Domande importanti (e senza risposte) a cui si sommano sguardi penetranti sugli scenari internazionali — tra le tante cose, Malgieri è anche un acuto analista di geopolitica — che spaziano dalla Francia macroniana all’America trumpista, dalla Cina comunista all’Europa imbelle e affarista, quell’Unione che la tragedia ha finalmente smascherato rivelando il suo vero volto di «costruzione posticcia di tecnocrati che con spregiudicato interesse economico-finanziario hanno tradito una grande idea». Non a caso lo scrittore staglia Gonzague de Reynold — il Maestro elvetico innamorato dell’Europa, un gigante del pensiero che i pseudo europeisti nemmeno conoscono — verso Christine Lagarde e Ursula von der Leyen, gli algidi riferimenti della tecnocrazia ragionieristica oggi imperante sul continente.

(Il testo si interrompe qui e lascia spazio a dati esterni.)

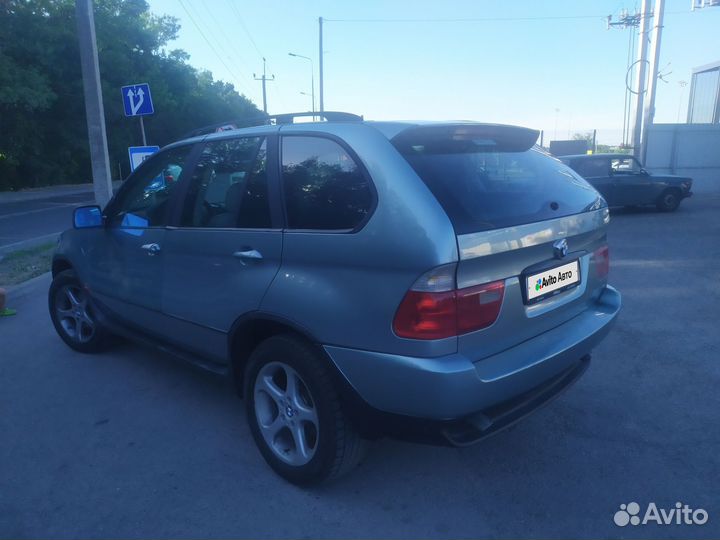 BMW X5 3.0 AT, 2002, 300 000 км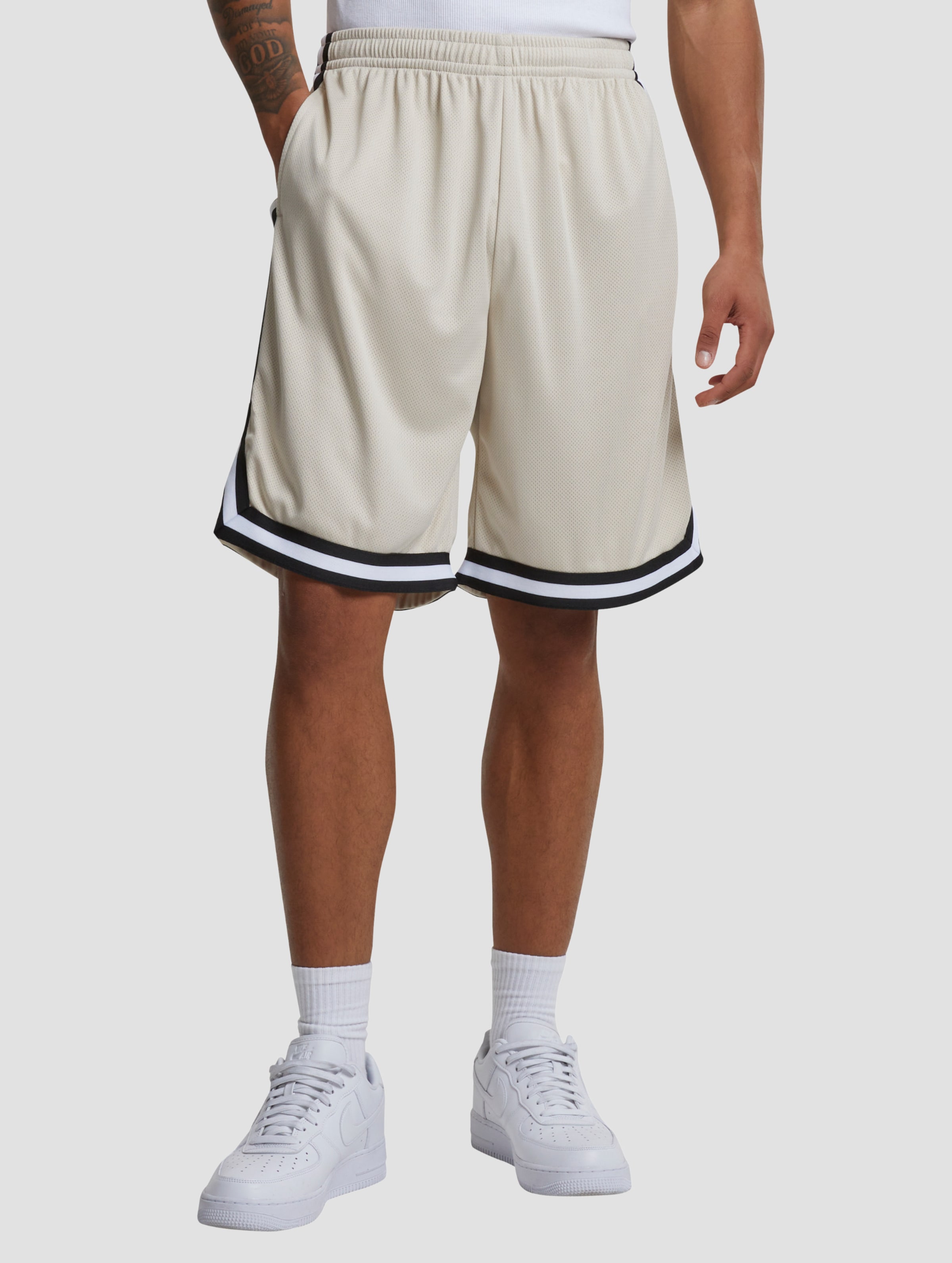 Urban Classics Stripes Mesh Short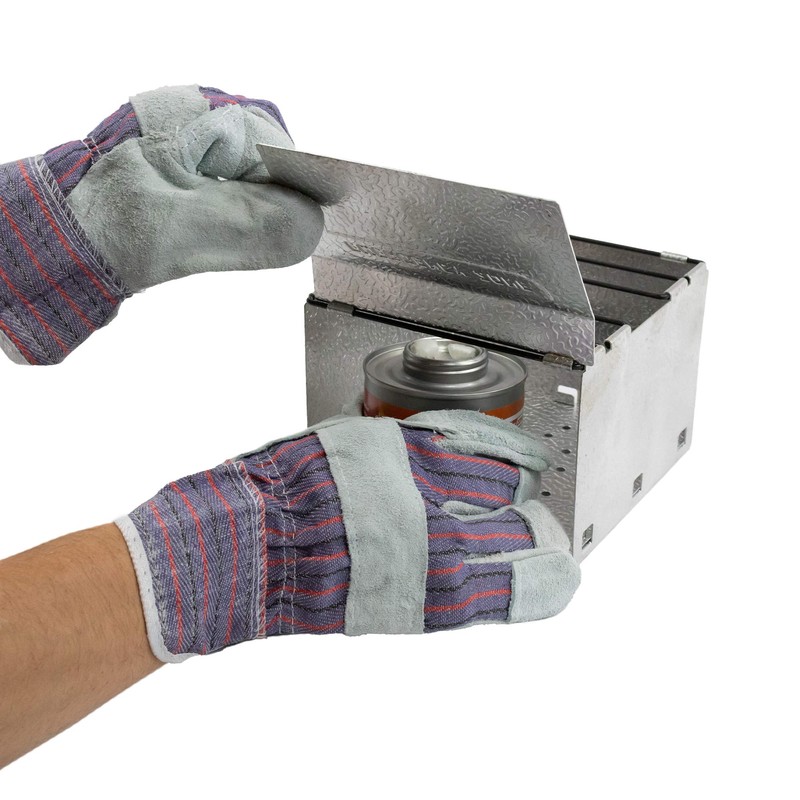New & Improved! Emergency Cooking Fuel Storage Set with Stove,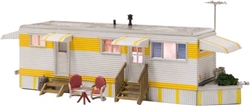 Woodland BR4952 N Built-Up Sunny Days Trailer w Lights
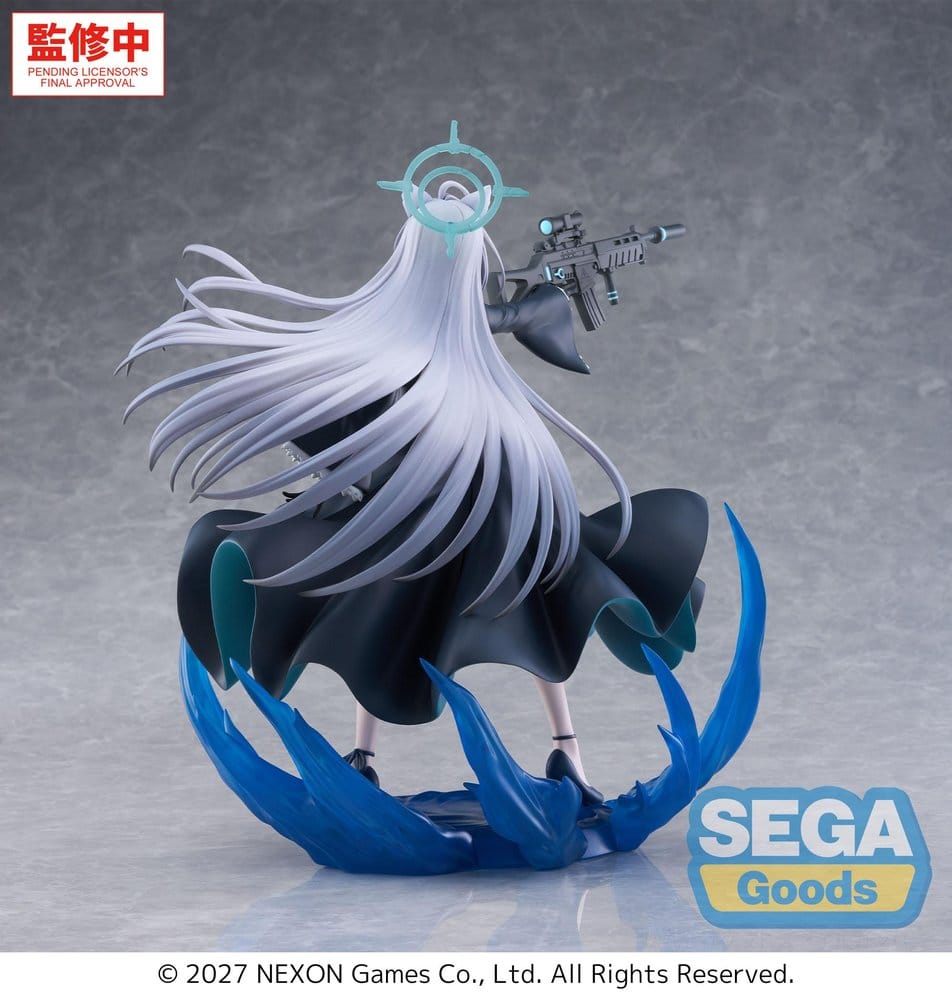 Blue Archive FIGURIZMa PVC Figur Shiroko*Terror ~The Decisive Battle of the Ark~ 23 cm - Preorder - ETA: 25.06.2027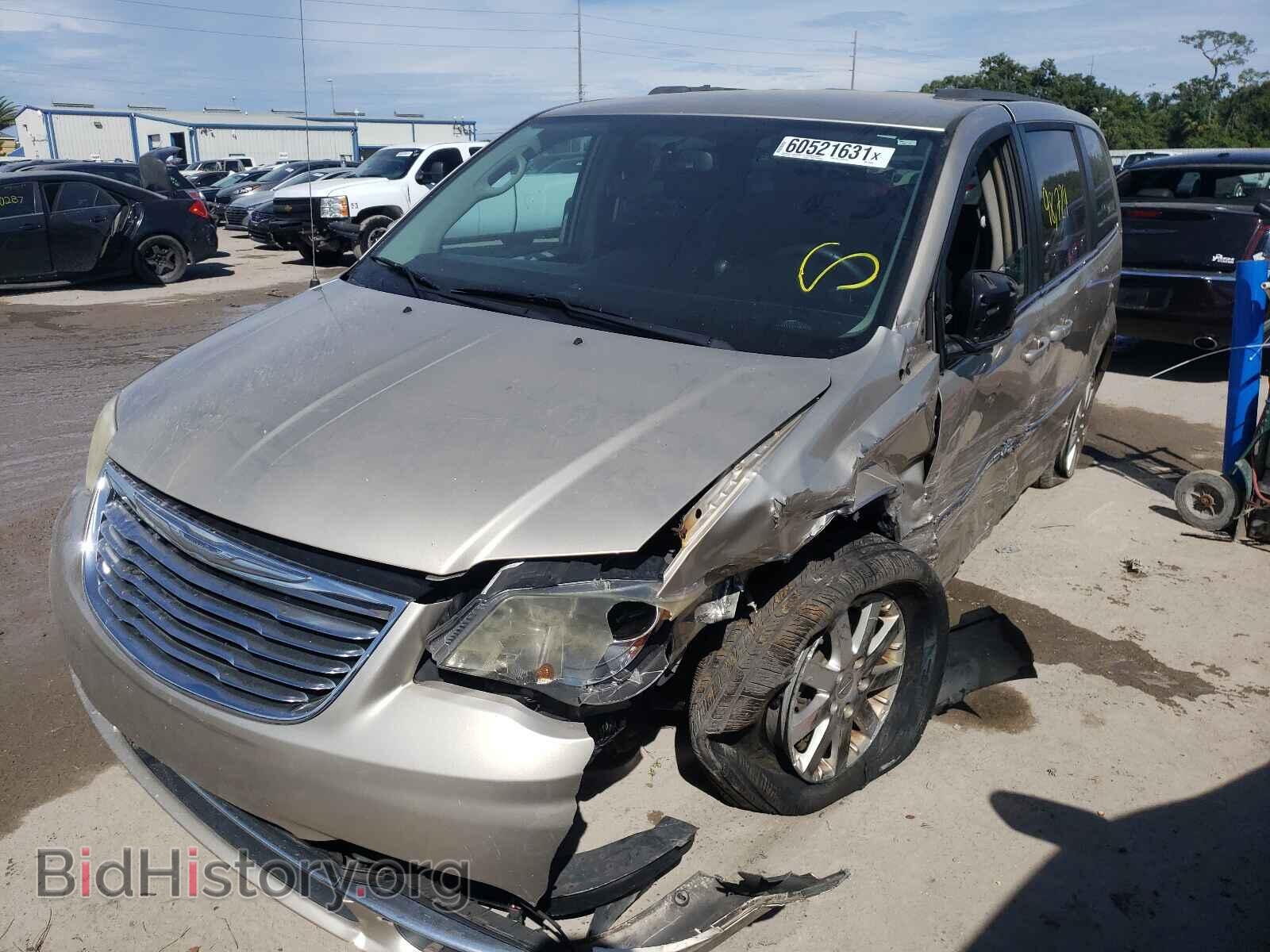 2014 CHRYSLER MINIVAN - VIN: 2C4RC1BG5ER256064 - Фото 2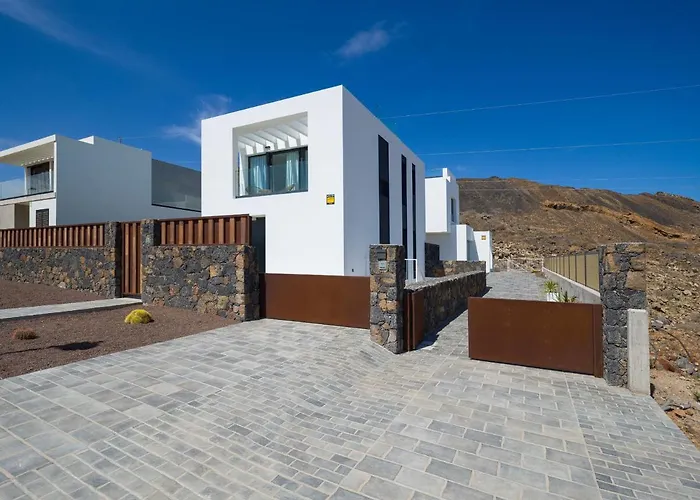 Calderas Deluxe Sea And Mountain Views And Private Pool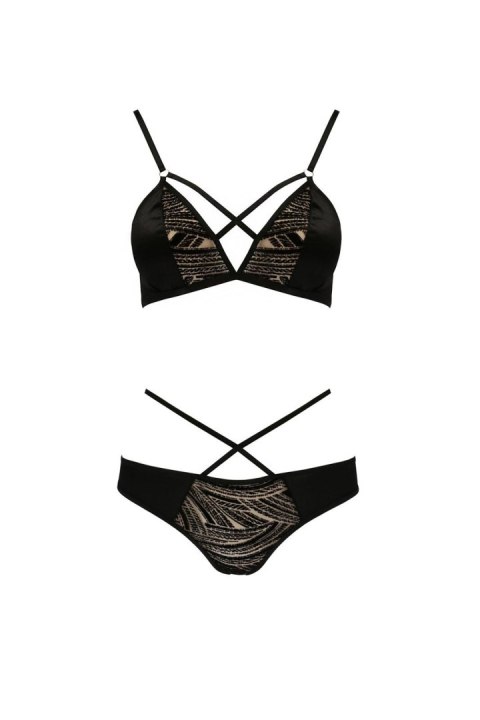 Casmir LARA Komplet Bikini w Kolorze Czarnym, Rozmiar S/M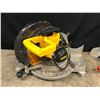 Image 2 : DEWALT D705-04 AND RIGID MITRE SAWS  (RIGID DAMAGED)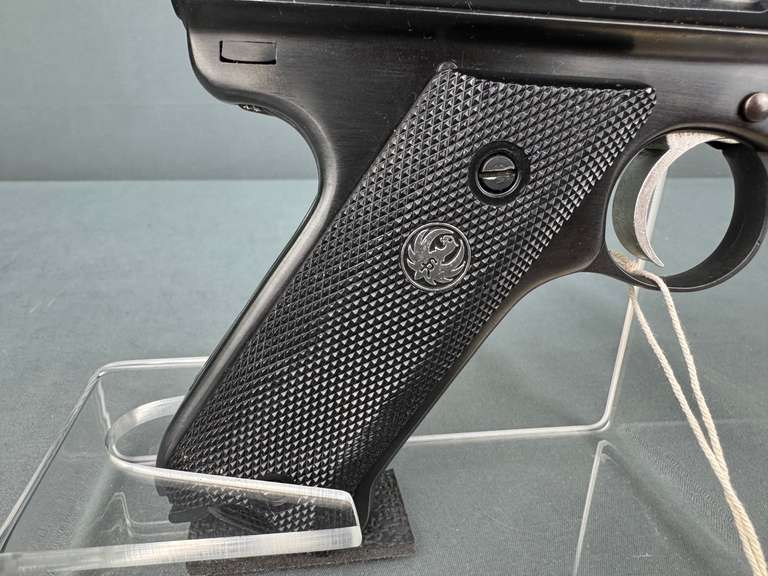 Ruger Mark II Target 22cal Semi-Auto Pistol w/Scope #215-04843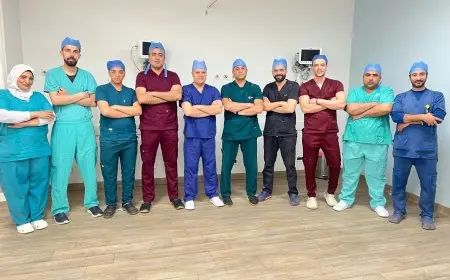 مجمع السويس الطبي يحقق إنجازًا طبيًا بإعادة توصيل يد مبتورة بالكامل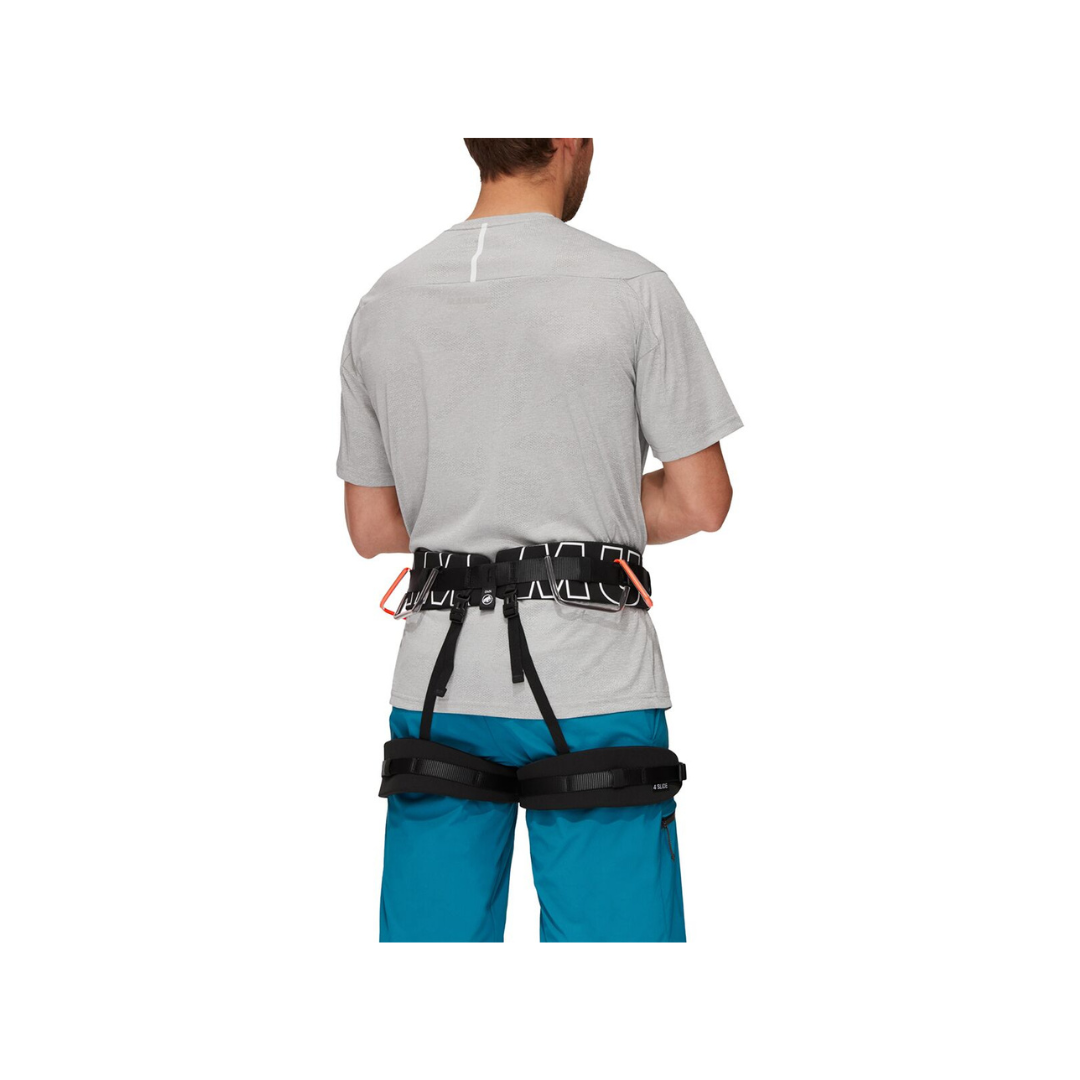 Arnés para escalada Mammut 4 Slide talla M-XL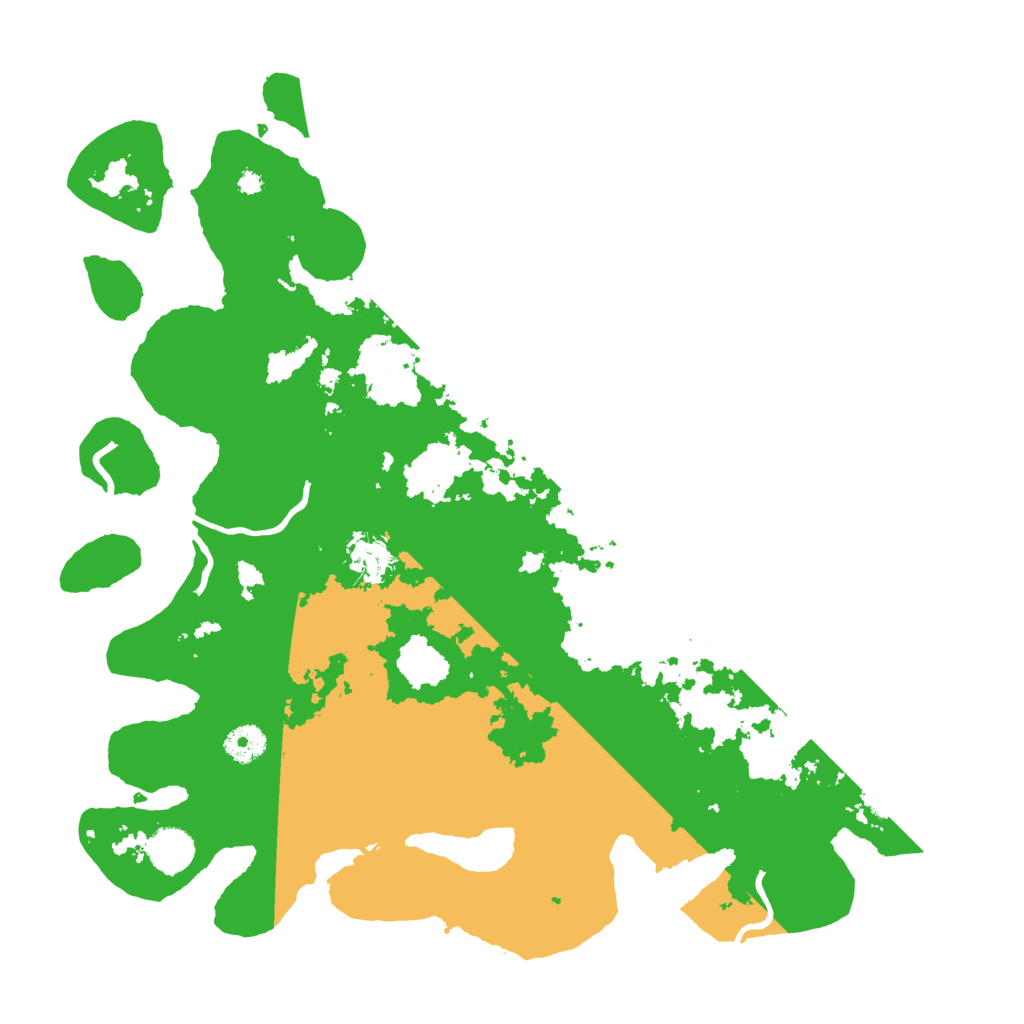 Biome Rust Map: Procedural Map, Size: 3950, Seed: 852102161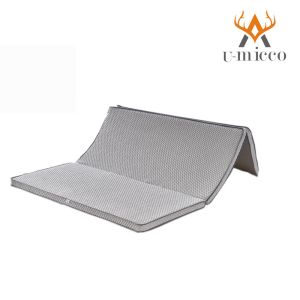 Buy cheap Ultra Thin POE Portable Foldable Mattress Tri-fold Topper from wholesalers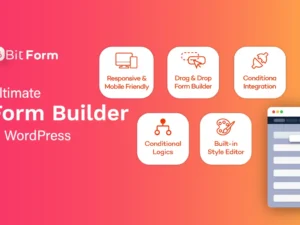 Bit Form Pro WordPress Form Builder for wordpress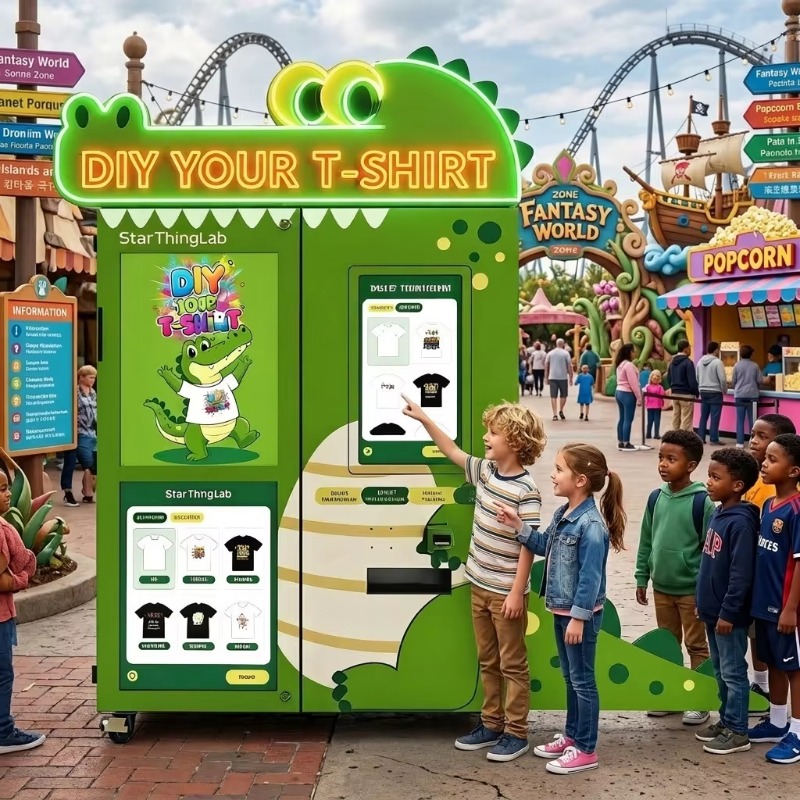 Automatic UV Personalized DIY  - Phone Cases Vending Machine review and price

Ma il pipistrello di Malgeri vola, cabra e s’innalza anche in altre, più alte dimensioni. Al di là e oltre la pessima politica nostrana e i contraddittori panorami mondiali — la globalizzazione della paura —, l’autore affronta il grande tema indagato da Oswald Spengler un secolo fa. Il tramonto dell’Occidente. La fine, l’evaporare di una Civiltà. Ed ecco allora le riflessioni su Heidegger, Montherlant, Yourcenar, Schmitt, Dumezil, Cioran. Pensieri forti e lunghi che Malgieri sapientemente intreccia in una narrazione disincanta e profonda che riporta il lettore al cuore del problema. Riprendendo Konrad Lorenz (e Alain de Benoist) l’autore ci avverte che «le civiltà muoiono quando i processi di parassitismo e di degenerescenza impoveriscono la forza di conservazione e di aggressività insite nell’uomo. Restare fedeli alla propria natura è la sola possibilità che l’uomo ha di sottrarsi all’imbarbarimento ed alla soggezione alla costruzione di destini che contrastano con la sua natura».
Ma le pagine più toccanti, i pensieri più strazianti sono per gli anziani, le vittime sacrificali della pandemia. Nelle loro insalutate bare sono racchiuse per sempre una parte delle nostre memorie assieme ad una somma preziosa di gusti, abitudini, stili di vita, rapporti sociali.
Eppure sembra non importare. Dei vecchi sembra che si possa fare a meno. «Ci si abitua ad essere crudeli. La società dell’omicidio pre-natale e l’eutanasia sono l’alfa e l’omega di una società nichilista. Si inizia, insomma con l’aborto e si finisce con il rifiuto dell’esistenza quando non vengono soddisfatti parametri accettabili». Le ali del pipistrello si dispiegano su un mondo neo-egoista e un’umanità tremebonda. Un vicolo cieco? Forse no. Dal disastro può sorgere o rafforzarsi un sentimento di responsabilità e solidarietà che (speriamo) sappia trasformarsi in una fase politica e culturale innovativa. Come ricorda l’autore, in definitiva ci vuole solo coraggio.